And those people are the people that develop the body of material that later people (and now LLMs) learn from.
A language doesn't have to be unique to still have a particular taste associated with its patterns and idioms, and it would unfortunate if LLM influence had the effect of suppressing the ability for that new style to develop.
The advantage rather for llms in strongly typed languages is that compilers can catch errors early and give the model early automated feedback so you don’t have to.
With weakly typed (and typically interpreted) languages they will need to run the code which maybe quite slow to do so or not realistic.
Simply put agentic coding loops prefer stronger static analysis capabilities.
Contrast with the likes of Swift - been around for years but it’s so bloated and obscure that coding agents (not just humans) have problems using it fully.
The only problem I’ve ever had was on maybe 3 total occasions it’s added a return statement, I assume because of the syntax similarity with ruby
also, some nonstatic languages have a habit of having least surprise in their codebases -- it's often possible to effectively guess the types flowing through at the callsite. zero refactoring feedback necessary is better than even one.
But those are exactly the same mistakes most humans make when writing bash scripts, which makes them inherently flaky.
Ask it to write code in a language with types, a “logical” syntax where there are no tricky gotchas, with strict types, and a compiler which enforces those rules, and while LLMs struggle to begin with, they eventually produce code which is nearly clean and bug free.

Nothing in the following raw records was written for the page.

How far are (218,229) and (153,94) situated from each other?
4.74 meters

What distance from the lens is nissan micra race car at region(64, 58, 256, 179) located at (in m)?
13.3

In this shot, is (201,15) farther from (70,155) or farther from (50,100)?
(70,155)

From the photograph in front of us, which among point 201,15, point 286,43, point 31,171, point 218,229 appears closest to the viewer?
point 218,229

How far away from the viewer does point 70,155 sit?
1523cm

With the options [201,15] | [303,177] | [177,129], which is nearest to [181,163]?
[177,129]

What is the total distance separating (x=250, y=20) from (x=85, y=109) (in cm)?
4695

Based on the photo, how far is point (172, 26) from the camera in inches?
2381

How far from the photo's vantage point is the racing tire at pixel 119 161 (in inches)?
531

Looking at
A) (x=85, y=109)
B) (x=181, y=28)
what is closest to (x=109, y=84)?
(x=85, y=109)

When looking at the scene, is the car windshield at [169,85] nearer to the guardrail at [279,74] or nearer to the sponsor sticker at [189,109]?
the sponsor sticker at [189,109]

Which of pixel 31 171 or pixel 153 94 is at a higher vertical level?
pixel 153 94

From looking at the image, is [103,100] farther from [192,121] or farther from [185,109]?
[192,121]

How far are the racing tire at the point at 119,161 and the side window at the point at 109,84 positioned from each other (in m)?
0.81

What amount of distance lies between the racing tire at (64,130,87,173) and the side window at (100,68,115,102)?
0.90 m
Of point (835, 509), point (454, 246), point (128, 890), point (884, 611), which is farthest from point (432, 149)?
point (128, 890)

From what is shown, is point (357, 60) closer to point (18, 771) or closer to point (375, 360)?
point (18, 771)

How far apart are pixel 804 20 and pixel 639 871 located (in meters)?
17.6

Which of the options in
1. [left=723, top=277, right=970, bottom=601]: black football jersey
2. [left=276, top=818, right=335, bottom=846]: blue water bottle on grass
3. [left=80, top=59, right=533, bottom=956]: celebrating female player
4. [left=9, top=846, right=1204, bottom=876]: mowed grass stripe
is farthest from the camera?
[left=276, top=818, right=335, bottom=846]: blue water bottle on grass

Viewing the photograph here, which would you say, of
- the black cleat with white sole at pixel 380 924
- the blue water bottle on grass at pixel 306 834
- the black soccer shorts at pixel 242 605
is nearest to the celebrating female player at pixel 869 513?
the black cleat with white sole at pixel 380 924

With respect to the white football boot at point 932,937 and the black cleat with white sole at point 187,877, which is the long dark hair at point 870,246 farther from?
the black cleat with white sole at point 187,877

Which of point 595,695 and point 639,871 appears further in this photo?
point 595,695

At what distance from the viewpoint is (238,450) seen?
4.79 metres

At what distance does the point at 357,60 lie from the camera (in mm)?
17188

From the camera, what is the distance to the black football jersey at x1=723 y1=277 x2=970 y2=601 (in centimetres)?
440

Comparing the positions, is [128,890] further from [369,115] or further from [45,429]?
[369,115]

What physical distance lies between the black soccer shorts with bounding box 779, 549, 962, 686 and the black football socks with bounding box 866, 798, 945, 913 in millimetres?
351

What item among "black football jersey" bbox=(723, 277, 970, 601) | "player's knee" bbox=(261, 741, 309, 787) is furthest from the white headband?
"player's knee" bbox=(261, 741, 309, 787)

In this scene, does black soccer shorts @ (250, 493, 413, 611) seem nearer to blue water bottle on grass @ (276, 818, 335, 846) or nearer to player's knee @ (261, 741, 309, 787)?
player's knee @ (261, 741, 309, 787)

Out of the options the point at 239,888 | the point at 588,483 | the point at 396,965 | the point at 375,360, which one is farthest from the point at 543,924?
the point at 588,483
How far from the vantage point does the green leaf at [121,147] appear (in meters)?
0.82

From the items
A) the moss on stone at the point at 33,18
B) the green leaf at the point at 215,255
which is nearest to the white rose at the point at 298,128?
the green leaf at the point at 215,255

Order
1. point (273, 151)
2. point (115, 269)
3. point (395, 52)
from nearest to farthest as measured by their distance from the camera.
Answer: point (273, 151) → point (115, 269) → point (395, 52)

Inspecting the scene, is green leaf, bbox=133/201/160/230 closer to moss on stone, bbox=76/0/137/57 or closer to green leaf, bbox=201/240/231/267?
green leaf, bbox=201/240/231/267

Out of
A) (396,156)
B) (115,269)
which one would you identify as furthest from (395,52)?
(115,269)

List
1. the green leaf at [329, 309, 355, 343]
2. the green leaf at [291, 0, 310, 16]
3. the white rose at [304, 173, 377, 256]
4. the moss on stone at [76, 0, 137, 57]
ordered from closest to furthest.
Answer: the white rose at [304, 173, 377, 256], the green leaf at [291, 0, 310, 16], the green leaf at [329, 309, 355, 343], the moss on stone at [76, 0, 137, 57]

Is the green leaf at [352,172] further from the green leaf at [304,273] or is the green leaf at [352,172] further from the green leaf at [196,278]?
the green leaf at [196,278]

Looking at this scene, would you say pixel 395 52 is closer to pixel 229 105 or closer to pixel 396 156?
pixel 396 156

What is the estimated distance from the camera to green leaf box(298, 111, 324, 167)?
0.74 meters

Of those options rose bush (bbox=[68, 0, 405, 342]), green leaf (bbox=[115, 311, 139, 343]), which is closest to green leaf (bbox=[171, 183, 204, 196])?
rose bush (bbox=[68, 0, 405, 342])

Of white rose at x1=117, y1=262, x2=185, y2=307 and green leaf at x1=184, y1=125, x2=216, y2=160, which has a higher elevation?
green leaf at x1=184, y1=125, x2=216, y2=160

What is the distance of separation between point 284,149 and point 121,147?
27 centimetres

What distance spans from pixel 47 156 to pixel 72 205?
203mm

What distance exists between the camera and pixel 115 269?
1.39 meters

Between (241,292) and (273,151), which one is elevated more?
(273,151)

Works much better if there is an existing codebase where they can observe and learn from existing patterns.
On the other hand asking them to write JavaScript and Python, sure they fly, but they confidently implement code full of hidden bugs.
The whole “amount of training data” is completely overblown. I’ve seen code do well even with my own made up DSL. If the rules are logical and you explain the rules to it and show it existing patterns, the can mostly do alright. Conversely there is so much bad JavaScript and Python code in their training data that I struggle to get them to produce code in my style in these languages.
I have similar concerns to you - how well a language works with LLMs is indeed an issue we have to consider. But why do you assume that it's the volume of training data that drives this advantage? Another assumption, equally if not more valid IMO, is that languages which have fewer, well-defined, simpler constructs are easier for LLMs to generate.
Languages with sprawling complexity, where edge cases dominate dev time, all but require PBs of training data to be feasible.
Languages that are simple (objectively), with a solid unwavering mental model, can match LLMs strengths - and completely leap-frog the competition in accurate code gen.
it seems semi intuitive to me that a typesafe, functional programming language with referential transparency would be ideal if you could decompose a program to small components and code those.
once you have a referentially transparent function with input/out tests you can spin on that forever until its solved and then be sure that it works.